5. reconstructing device according to claim 1, wherein said Visitor Logs unit are further used for obtaining this physical block current state before the mark physics bulk state, if current state is then returned otherwise continuation for writing.

6. a RAID array rebuild method is used to carry out the RAID array rebuild operation in the network store system, and wherein said RAID array is divided into big or small same physical piece in advance, and this method comprises:

A, when creating logical resource, be that logical resource distributes one or more physical blocks, and the corresponding relation between record logical resource and the physical block;

B, resource access record sheet of maintenance, this resource access record sheet is used to write down each physical block and whether has been written into data; And when having data to write physical block with the status indication of this physical block in the resource access record sheet for writing, and when said logical resource is deleted, with the status indication of this logical resource corresponding physical piece in the resource access record for not writing; And

C, when rebuilding the RAID array, obtaining the physical block of state for having write according to said resource access record sheet, is that the unit rebuilds for the physical block that has write state with the physical block.

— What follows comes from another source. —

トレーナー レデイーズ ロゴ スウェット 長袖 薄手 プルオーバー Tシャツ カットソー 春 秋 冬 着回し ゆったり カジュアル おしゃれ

7. method according to claim 6; It is characterized in that; Step C further is included in when finding to have in the process of reconstruction new data write state to be the physical block that does not write, and the heat that the data that need the Write fault disk is write this failed disk and correspondence is equipped with disk.

8. method according to claim 6 is characterized in that, also comprises:

D, deal with data read write command are if handle failure then return, if write order and handle and successfully then change step B over to.

9. method according to claim 6; Wherein step B further comprises: before mark physics bulk state; Check whether said resource access record sheet is effective,, otherwise do not upgrade and change other different reconstruction process flow processs over to if then upgrade said resource access record sheet; And whether inspection upgrades success when upgrading said physical block state, if upgrades successfully then continuation, otherwise said resource access record sheet is labeled as invalid.

10. method according to claim 6, wherein said step B further comprises: before new physical block state more, obtaining this physical block current state, if current state is then returned otherwise continuation for writing.